Segment Start: Information

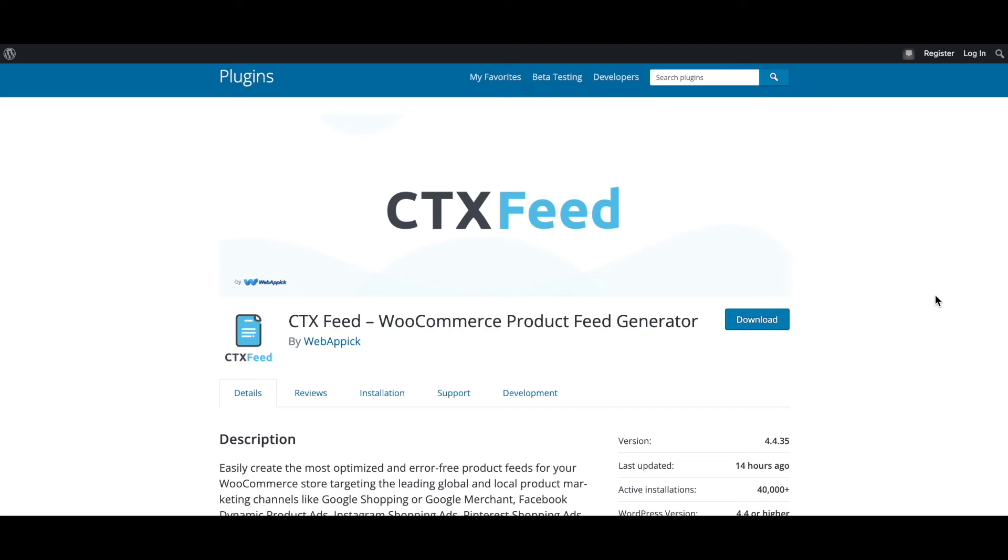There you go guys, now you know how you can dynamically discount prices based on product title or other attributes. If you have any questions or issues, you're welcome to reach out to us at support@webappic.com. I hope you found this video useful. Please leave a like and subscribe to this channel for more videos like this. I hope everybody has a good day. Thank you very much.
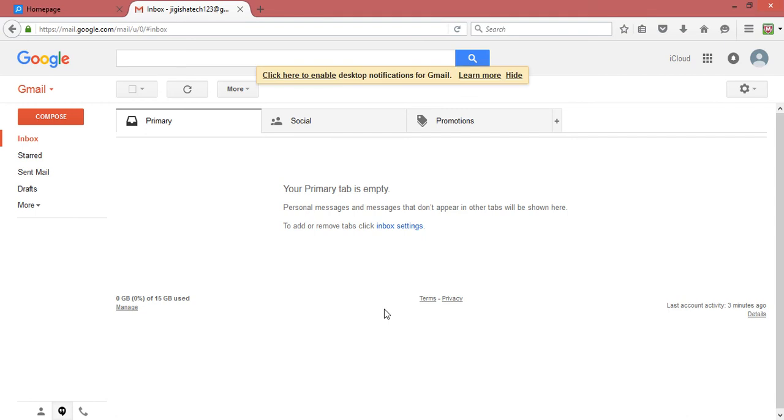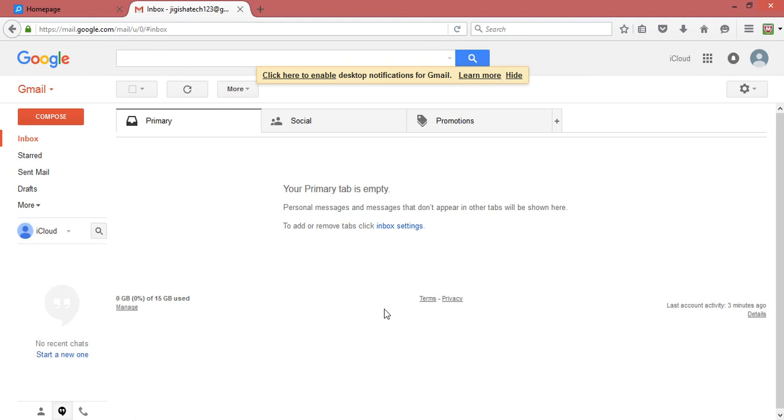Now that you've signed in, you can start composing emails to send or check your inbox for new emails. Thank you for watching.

Segment End: Information
Segment Start: Information

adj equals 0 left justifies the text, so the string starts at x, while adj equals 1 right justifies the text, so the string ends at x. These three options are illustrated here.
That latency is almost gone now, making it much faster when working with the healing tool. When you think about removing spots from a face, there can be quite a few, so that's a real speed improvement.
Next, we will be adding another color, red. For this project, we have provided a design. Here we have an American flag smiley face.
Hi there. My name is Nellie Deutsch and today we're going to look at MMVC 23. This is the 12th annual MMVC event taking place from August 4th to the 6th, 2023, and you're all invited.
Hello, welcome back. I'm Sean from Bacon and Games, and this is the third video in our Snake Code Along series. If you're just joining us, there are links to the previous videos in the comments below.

Segment End: Information

● Assigned task: The lines you need are those with the word "face"; list them from the entries.

● Exercise answer:
That latency is almost gone now, making it much faster when working with the healing tool. When you think about removing spots from a face, there can be quite a few, so that's a real speed improvement.
Next, we will be adding another color, red. For this project, we have provided a design. Here we have an American flag smiley face.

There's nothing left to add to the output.